To describe and correlate the clinical, radiological, and intraoperative findings in patients with refractory neurovascular syndromes (NVS) not responding to conventional medical management and to determine the surgical outcome of the microvascular decompression (MVD) procedure. Medical records of 17 patients with NVS (trigeminal neuralgia [TN] = 14 and hemifacial spasm = 3) who underwent surgery for symptom relief from January 2018 to July 2021 with follow-up data (1-36 months) were retrospectively analyzed. Patient demographics (age, sex), clinical features (site, duration of symptoms, distribution), magnetic resonance imaging (MRI) findings, micro-neurosurgical details (type of surgery, obstructive vessel), and postoperative outcome and complications were recorded. Descriptive analysis was performed. Variables were presented as either mean and standard deviation or frequency and percentages. The mean (standard deviation) age of patients in our study cohort was 52.6 (12.2) years. TN was common in females (64.3%). The mean duration of symptoms was longer in patients with hemifacial spasms than in patients with TN (3.3 vs. 2.7 years). While the right side was commonly affected in TN (64.3%), the left side was common in hemifacial spasm (66.7%). Most common neuralgia symptoms were distributed along the V2V3 (maxillary and mandibular division) branches (42.9%). MRI revealed neurovascular conflict in nine patients, epidermoid tumor in three patients, classical vestibular schwannoma in two patients, and short cisternal segments in three patients. Intraoperatively, superior cerebellar artery was the main offending vessel in TN followed by anterior inferior cerebellar artery (AICA) and venous compression, while tortuous vertebral artery and AICA along with thickened entangled arachnoid were seen in hemifacial spasms. Almost all patients (88.2%) reported immediate postoperative complete pain relief.

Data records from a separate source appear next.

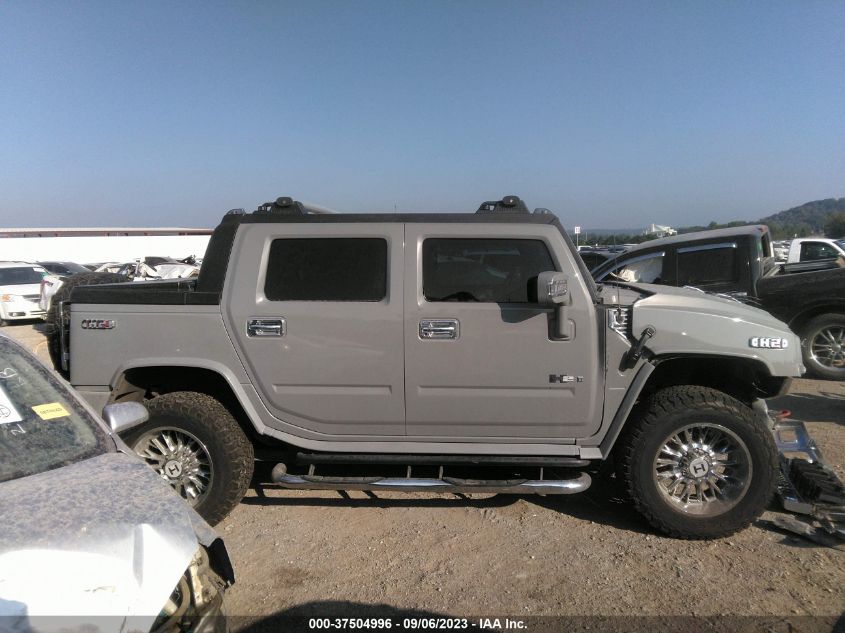 2008 Hummer H2 Sut VIN: 5GRGN22888H105721 Lot: 37504996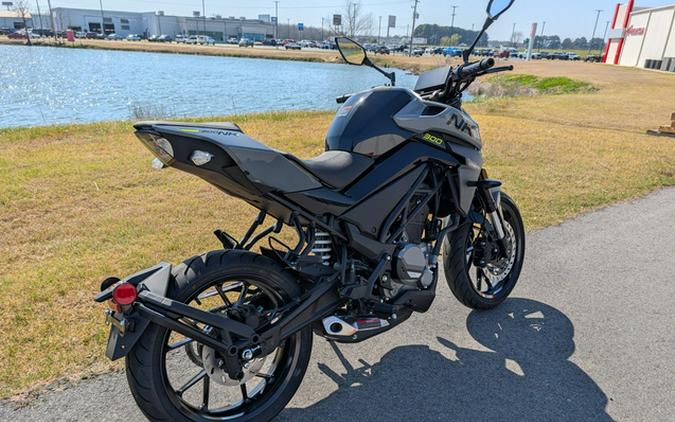 2026 CFMOTO NK 300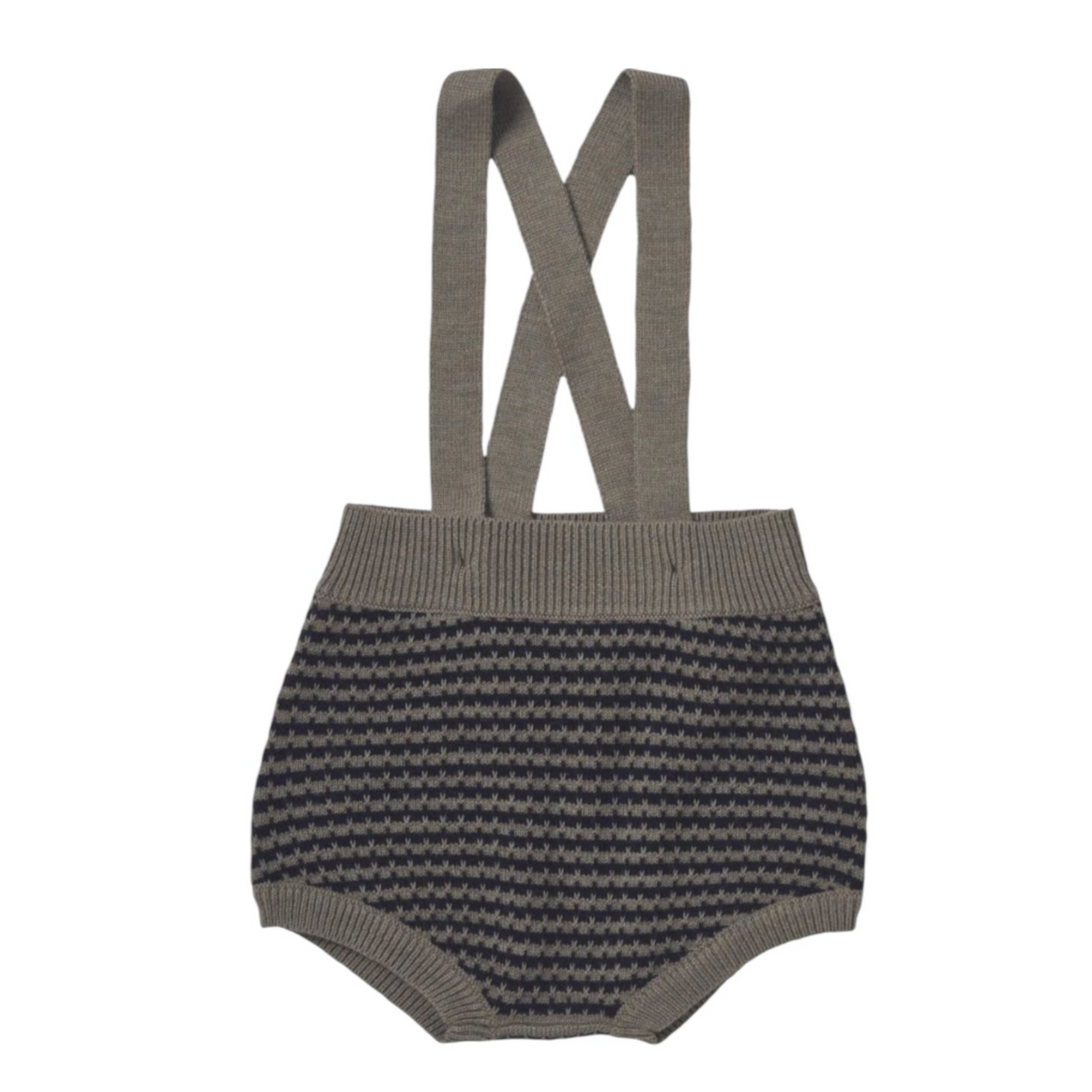 Baby Bloomers von Fub, Gr. 62-92, Farbe: hazel melange/ dark navy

One patient died secondary to chest infection after a month. Arachnoid entanglement around the neurovascular bundle along with vascular compression over the cranial nerves is the main cause of NVS. Advanced micro-neurosurgical techniques used in MVD achieve excellent outcomes with improved quality of life. However, identifying the refractory NVS not responding to conventional medical management and early surgical management are paramount.
描述并关联对常规药物治疗无反应的难治性神经血管综合征(NVS)患者的临床、放射学和术中表现,并确定微血管减压术(MVD)的手术效果。回顾性分析了2018年1月至2021年7月期间17例因症状缓解而接受手术且有随访数据(1 - 36个月)的NVS患者(三叉神经痛[TN]=14例,面肌痉挛=3例)的病历。记录患者的人口统计学特征(年龄、性别)、临床特征(部位、症状持续时间、分布)、磁共振成像(MRI)表现、显微神经外科手术细节(手术类型、阻塞血管)以及术后结果和并发症。进行描述性分析。变量以均值和标准差或频率和百分比表示。我们研究队列中患者的平均(标准差)年龄为52.6(12.2)岁。TN在女性中更为常见(64.3%)。面肌痉挛患者的平均症状持续时间比TN患者更长(3.3年对2.7年)。TN患者右侧常受累(64.3%),而面肌痉挛患者左侧常见(66.7%)。最常见的神经痛症状沿V2V3(上颌支和下颌支)分支分布(42.9%)。MRI显示9例患者存在神经血管冲突,3例患者有表皮样肿瘤,2例患者有典型的前庭神经鞘瘤,3例患者有短的脑池段。术中,TN的主要责任血管是小脑上动脉,其次是小脑前下动脉(AICA)和静脉压迫,而面肌痉挛患者可见迂曲的椎动脉和AICA以及增厚缠结的蛛网膜。几乎所有患者(88.2%)术后立即报告疼痛完全缓解。1例患者在术后1个月因肺部感染死亡。神经血管束周围的蛛网膜缠结以及颅神经上的血管压迫是NVS的主要原因。MVD中使用的先进显微神经外科技术取得了优异的效果,提高了生活质量。然而,识别对常规药物治疗无反应的难治性NVS并进行早期手术治疗至关重要。